The ability to make others think as you do is a tremendous power, and carries great responsibility. If it is not kindly and honestly used it will prove a boomerang and injure most the one who uses it. He will soon become known as a “spellbinder,” and people will not do business with him.

Mere “palaver and soft soap” do not cut nearly so much of a figure in salesmanship as formerly. The time has gone by forever when a salesman is chiefly measured by his ability to tell good yarns and crack jokes with his prospects. Honesty first, is the business slogan to-day. Spellbinding methods are not in demand. While you may, and should, be as affable as you please, you must be thoroughly sincere.

Even in trying to approach a man through his hobby, great caution must be used. If he is a shrewd, long-headed man he is going to see through any subterfuge, and if he gets the slightest idea that you are trying to “string” him, or if he sees the slightest evidence of insincerity or cunning, if he sees any plot back of your eye, your game is up. We must first believe in a man’s integrity, even though he may deceive us, before he can persuade us to do what we thought we would not do.

To-day it is the clean, straight-from-the-shoulder talk, cold facts that the average business man wants. Yet the men of persuasive powers can present those facts in such a way that the prospect will be made to feel that the salesman is his friend and acting entirely in his interest. No man relishes the idea of being “managed,” and, no matter how much he loves flattery, he will question your motive if you attempt it.

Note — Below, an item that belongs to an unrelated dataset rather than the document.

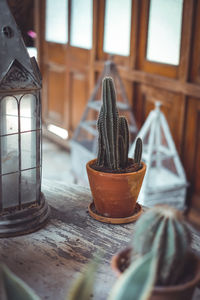 Close-up of electric lamp on table at home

Very tactful and just praise, however, will help your cause considerably with the average man. Remember that your prospect will be always on his guard against any sort of deceit. He will be looking for evidences of insincerity. He has no intention of allowing himself to be duped or gulled. Above all, remember that there is no substitute for sincerity in any field. There is nothing that will take the place in our lives of absolute transparency, simplicity, honesty, kindness. The Golden Rule is the only rule of conduct that will bring true success in any business.


CHAPTER XIV
HELPING THE CUSTOMER TO BUY

Satisfied customers are a perpetual lip-to-lip advertisement.

“Help your customer to buy. Don’t merely sell to him.”

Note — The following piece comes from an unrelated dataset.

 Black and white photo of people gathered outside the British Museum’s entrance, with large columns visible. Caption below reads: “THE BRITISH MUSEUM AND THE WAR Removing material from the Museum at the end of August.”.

A Quaker merchant who had made a fortune in Liverpool, when asked how he had made it, replied, “By a single article of trade in which every one may deal who pleases—civility.”

This self-same “article of trade” has been the making of the celebrated Bon Marché in Paris. The clerks in this famous establishment are instructed to show people, whether customers or not, every possible consideration. Strangers in Paris are invited to visit the Bon Marché, and are taken in hand the moment they enter the store by those who can speak their language, are shown over the whole place, and every possible attention paid to them, without the slightest influence being brought upon them to purchase. A similar courtesy is shown visitors in many well-known American concerns.

It is the service we are not obliged to give that people value most. Everybody knows that the salesman is supposed, at least, to treat a customer decently; but the over-plus of service, the extra courtesy and kindness, the spirit of accommodation, the desire to be obliging, the patience and helpfulness in trying to render the greatest possible service—these are the things customers appreciate most highly, and these are just the things that tie customers to certain houses.

Whether you are a traveling salesman or selling things behind a counter, nothing will add more to your success than the practice of that helpful courtesy which is dictated by the heart rather than the head, or by mere convention.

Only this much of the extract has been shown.